Foot and ankle muscle dysfunction has been linked to a variety of common clinical conditions. Imaging methods have been used to demonstrate foot muscle morphology changes in people with progressive neuromuscular conditions such as CMT [76], diabetic neuropathy [77], plantar heel pain [78], ankle instability, and hallux valgus [79]. The relationship between foot muscle morphology and chronic conditions supports a need to identify changes in foot muscle structure and composition over time.
However, the 6–7 h required to manually segment the individual intrinsic foot muscles on MRI has limited any capacity to leverage advancing acquisition techniques at higher field strengths and implement measurement into clinical practice (Figure 4). Progress towards overcoming these time-consuming demands has been made by manually measuring every tenth slice, reducing the segmentation time to ~30 min without sacrificing accuracy [80]. While this method provided substantial time savings, it does not overcome the demands for large samples, time challenges for a busy radiology practice, or the assessment of multiple muscle groups. Accordingly, we are working to expand our MuscleMap efforts to develop a deep learning CVM to automate the segmentation of the intrinsic foot muscles. Preliminary results show a reduction in the time required for segmentation of the intrinsic foot muscles to less than 30 s, representing a remarkable improvement in efficiency, feasibility, and implementation.

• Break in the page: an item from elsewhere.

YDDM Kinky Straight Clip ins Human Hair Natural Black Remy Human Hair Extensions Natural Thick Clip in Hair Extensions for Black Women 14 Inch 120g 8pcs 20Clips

4. Conditions and Disorders

4.1. Spinal Cord Injury

Imaging has long been used to quantify skeletal muscle morphology in people with spinal cord injury [81]. As an expected consequence of reduced volitional muscle activation caudal to the level of injury, MRI and CT markers of muscle atrophy such as MFI have been reported [28,82,83]. While atrophy and MFI progress after the initial injury [82], community ambulators tend to have larger muscles with less MFI compared to users of a wheelchair [83,84]. In the spinal cord injury population, interventions such as resistance training, locomotor training, and neuromuscular electrical stimulation attenuate lower extremity skeletal muscle atrophy [85]. Semi-automated segmentation using a threshold approach as well as more automated CVM approaches have been explored in this population, reducing the time required to quantify and monitor the composition, size, and shape of skeletal muscle [86,87]. MuscleMap expands this work, providing an automated tool for quantitative measurement of impairment, monitoring progression over time and evaluating the effects of new treatments in clinical trials of those with spinal cord injury.

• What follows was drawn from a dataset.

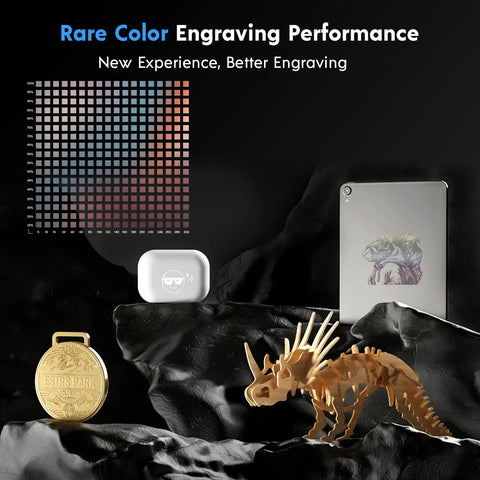 Rare color engraving on various materials using RAY5 20W Laser Engraver With Air Assist Kit And 4 In 1 Rotary Roller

4.2. Sarcopenia and Frailty

Progressive loss of muscle mass accompanied by a decline in muscle function are cardinal features of sarcopenia; however, key features remain unclear and our understanding of precisely how this disease progresses is incomplete. Contemporary investigations into the biological mechanisms responsible for sarcopenia have identified drivers such as decreases in motor neuron numbers possibly driven by loss of nuclear envelope integrity [88]. However, how these alterations relate to normal lifespan alterations in muscle volume and function remains largely unclear. Studies of muscle fibre function, volume, and spatial distribution [89] highlight the technical difficulties in generating data that allow meaningful analysis of age-related changes in skeletal muscle in small samples or individual muscle groups.
There is a high prevalence of sarcopenia in frailty, which contributes to a state of vulnerability and loss of systemic homeostasis to external stressors [90]. The loss of homeostasis is related to reduced physiologic reserve in a range of systems (e.g., neurological, endocrine, immune, muscle, cardiovascular, respiratory, renal, and bone), which increases with age [90]. This is related to ageing physiology, frailty physiology, reduced physical activity, increased prevalence of multi-morbidity, and high medication use with side effects that directly impair muscle and those that indirectly impair muscle by reducing physical activity or nutrition.
Current best practices for the management of frailty include identification of frailty, prescription of exercise, dietary interventions, and medication review. The emerging field of geroscience [91] is developing interventions that target the ageing process itself and could prevent or reduce age-related chronic diseases and frailty. Quantitative MRI measurements in small samples correlate frailty and muscle function across different age groups [72] and MuscleMap will permit the detection of responses to interventions targeting ageing and frailty.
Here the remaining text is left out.